=== Section Start ===

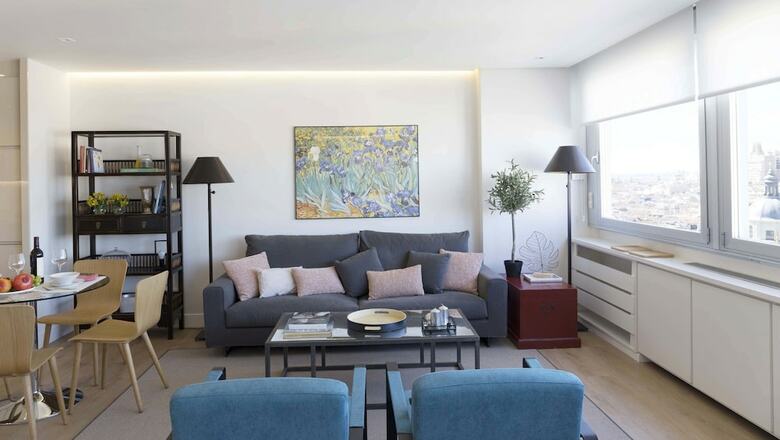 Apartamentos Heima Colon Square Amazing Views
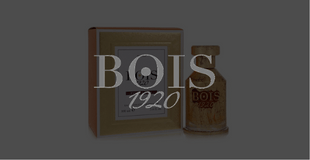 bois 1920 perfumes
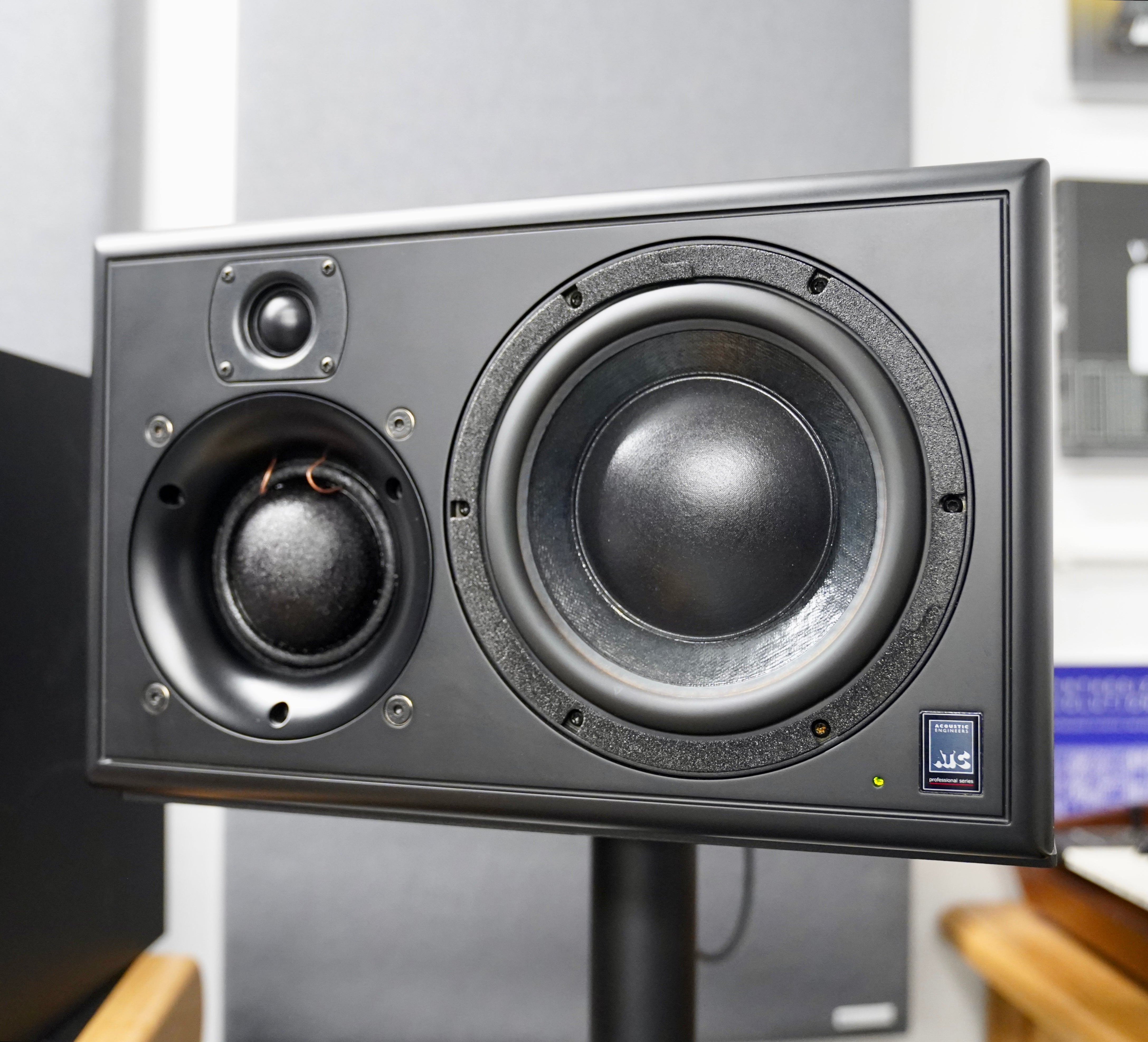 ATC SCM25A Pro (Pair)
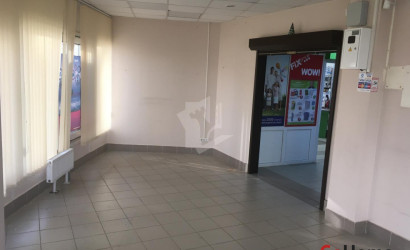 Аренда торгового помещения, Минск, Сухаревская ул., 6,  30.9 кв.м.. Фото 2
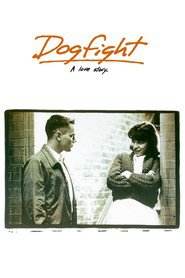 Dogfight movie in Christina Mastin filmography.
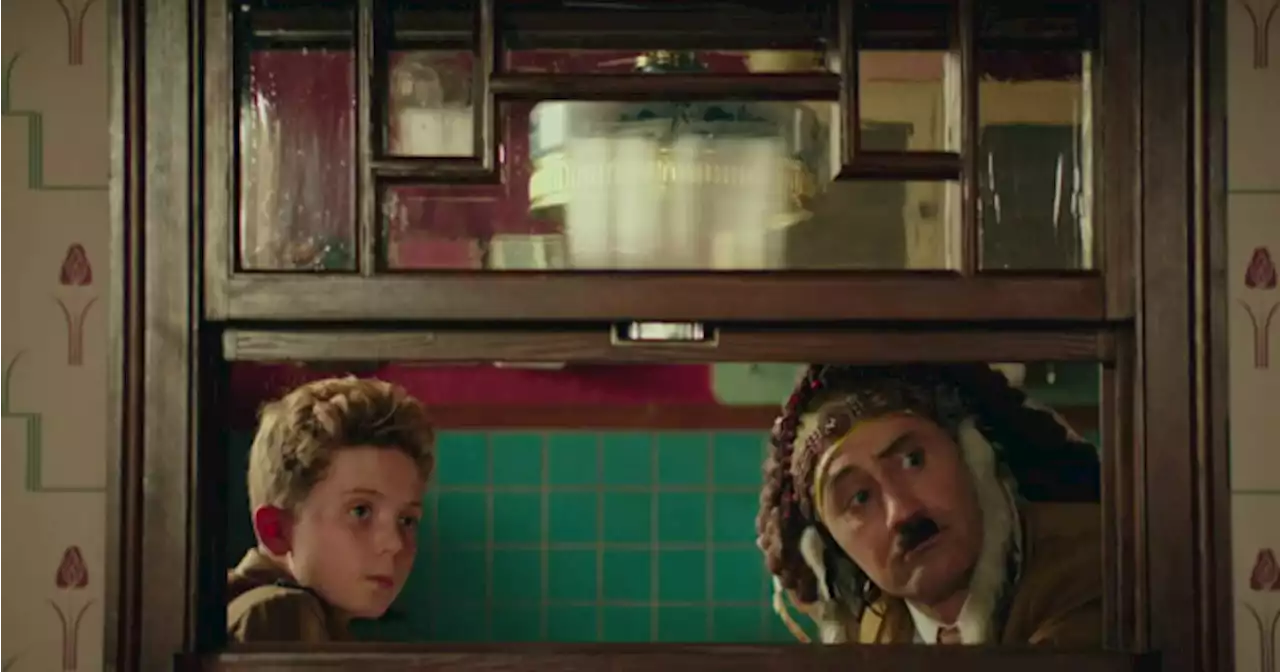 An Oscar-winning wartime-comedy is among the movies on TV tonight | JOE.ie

=== Section End ===

§ What the task requires: Each line above is to be copied exactly, and the pictures are to be dropped.

§ Answer space:
 Apartamentos Heima Colon Square Amazing Views
 bois 1920 perfumes
 ATC SCM25A Pro (Pair)
 Аренда торгового помещения, Минск, Сухаревская ул., 6,  30.9 кв.м.. Фото 2
 Dogfight movie in Christina Mastin filmography.
 An Oscar-winning wartime-comedy is among the movies on TV tonight | JOE.ie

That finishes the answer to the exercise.